• [EXERCISE BRIEF]: All lines from the top of the records below through the line holding "Jirai Kei Sweatshirt", and only those, should be printed exactly, minus the pictures.
### WORKING DATA
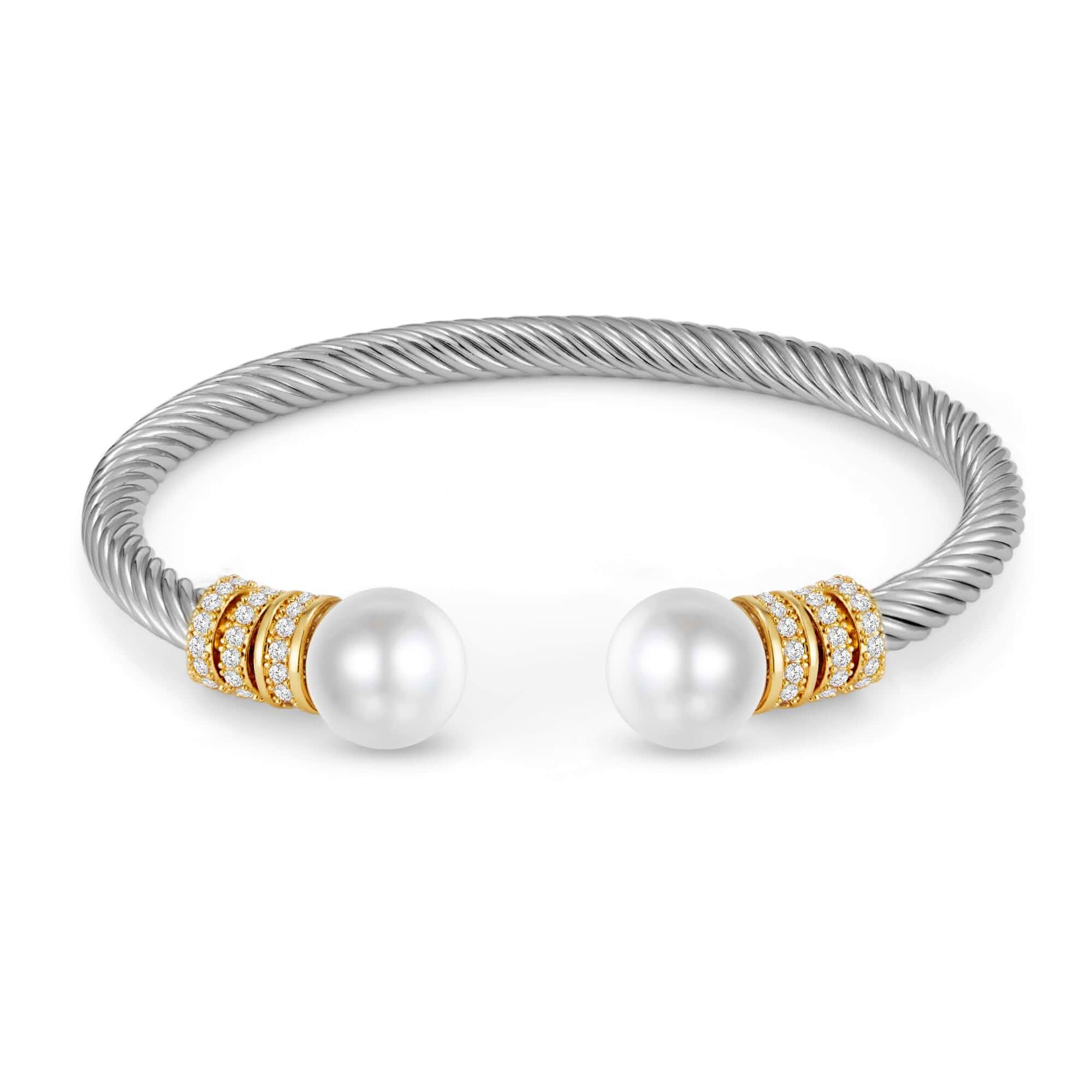 WOWORAMA Twisted Cable Wire Bracelets Two Tone Bangle Bracelet for Women Stainless Steel, Unisex Gold Silver Bracelet, Mixed Metal Chunky Bangles Jewelry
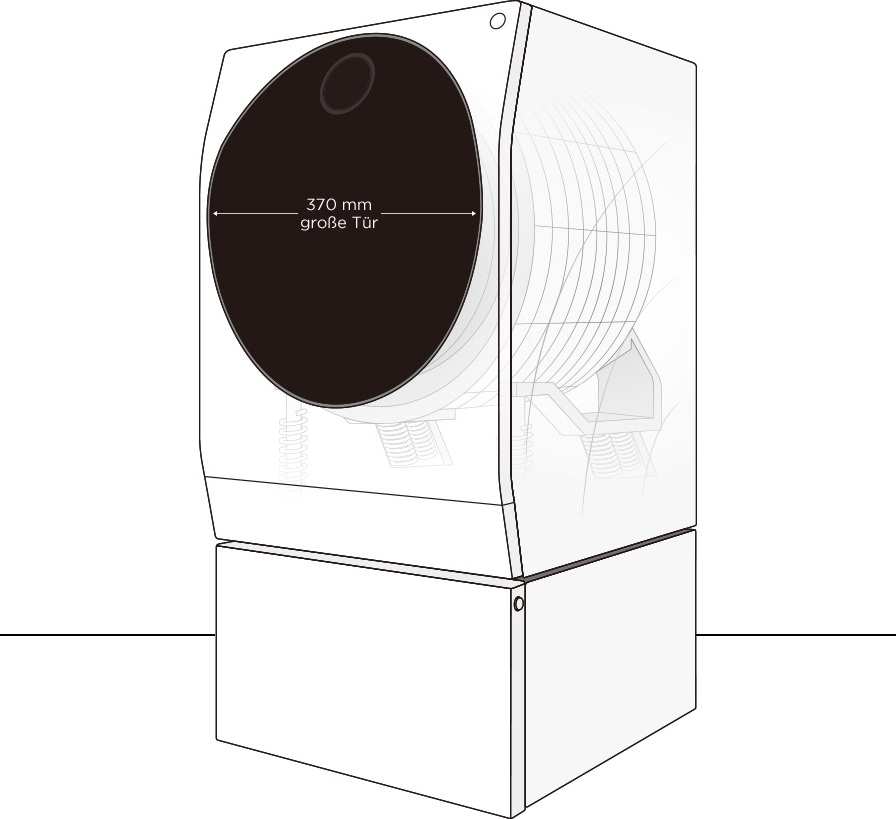 Ein Infografik-Bild des LG SIGNATURE Waschtrockners, das die Größe des gesamten Produktaufbaus zeigt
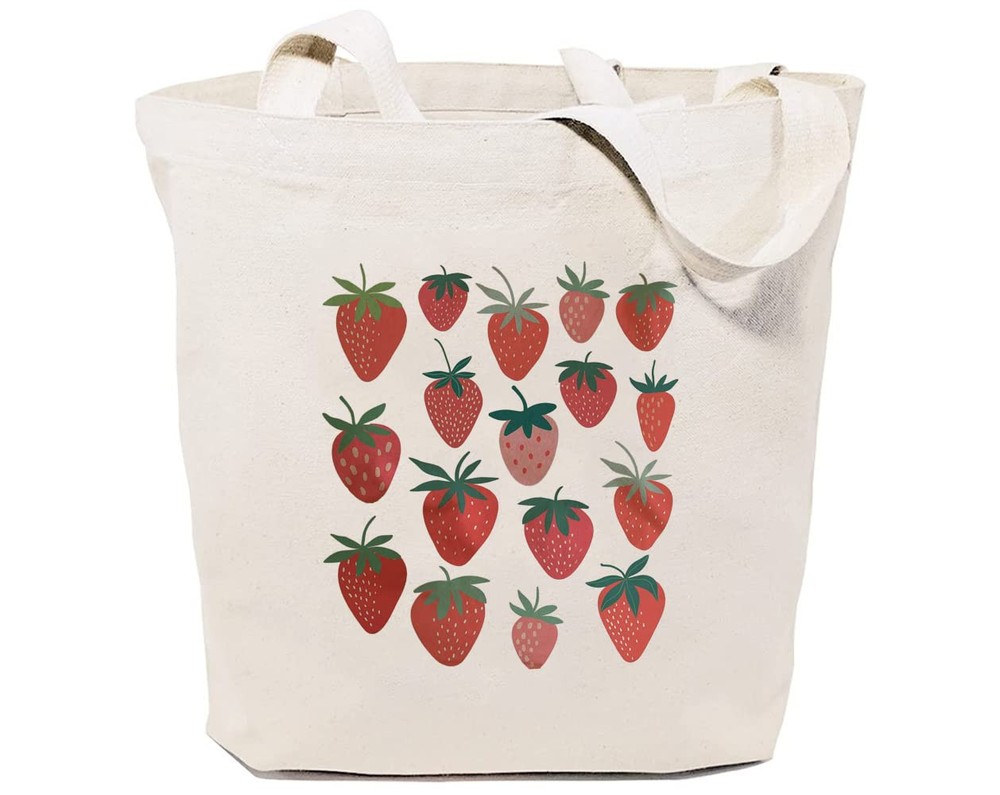 Stylish Strawberry Print Reusable Tote Bag for Women Grocery Shopping
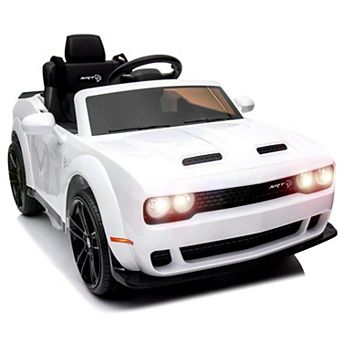 Licensed Dodge Challenger 12V Kids Ride-On Car, Electric Vehicle with Remote Control, LED Headlights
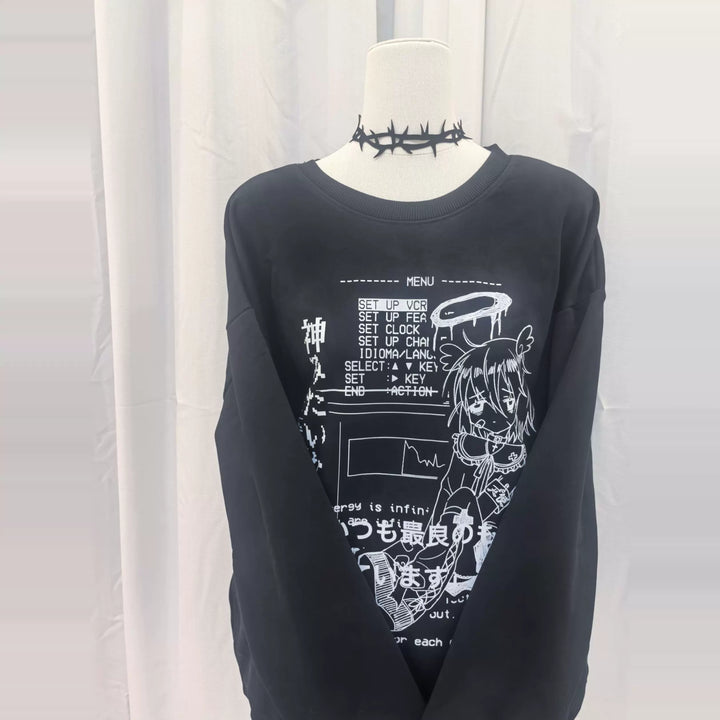 Jirai Kei Sweatshirt Cyber Punk Anime Print Shirt 39744:635346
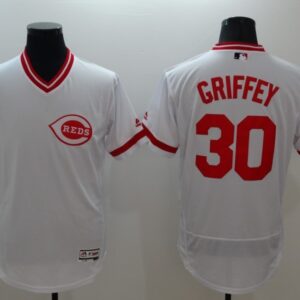 MLB Reds 30 Ken Griffey Jr White Flexbase Men Jersey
######
• [OUTPUT OF THE TASK]:
 WOWORAMA Twisted Cable Wire Bracelets Two Tone Bangle Bracelet for Women Stainless Steel, Unisex Gold Silver Bracelet, Mixed Metal Chunky Bangles Jewelry
 Ein Infografik-Bild des LG SIGNATURE Waschtrockners, das die Größe des gesamten Produktaufbaus zeigt
 Stylish Strawberry Print Reusable Tote Bag for Women Grocery Shopping
 Licensed Dodge Challenger 12V Kids Ride-On Car, Electric Vehicle with Remote Control, LED Headlights
 Jirai Kei Sweatshirt Cyber Punk Anime Print Shirt 39744:635346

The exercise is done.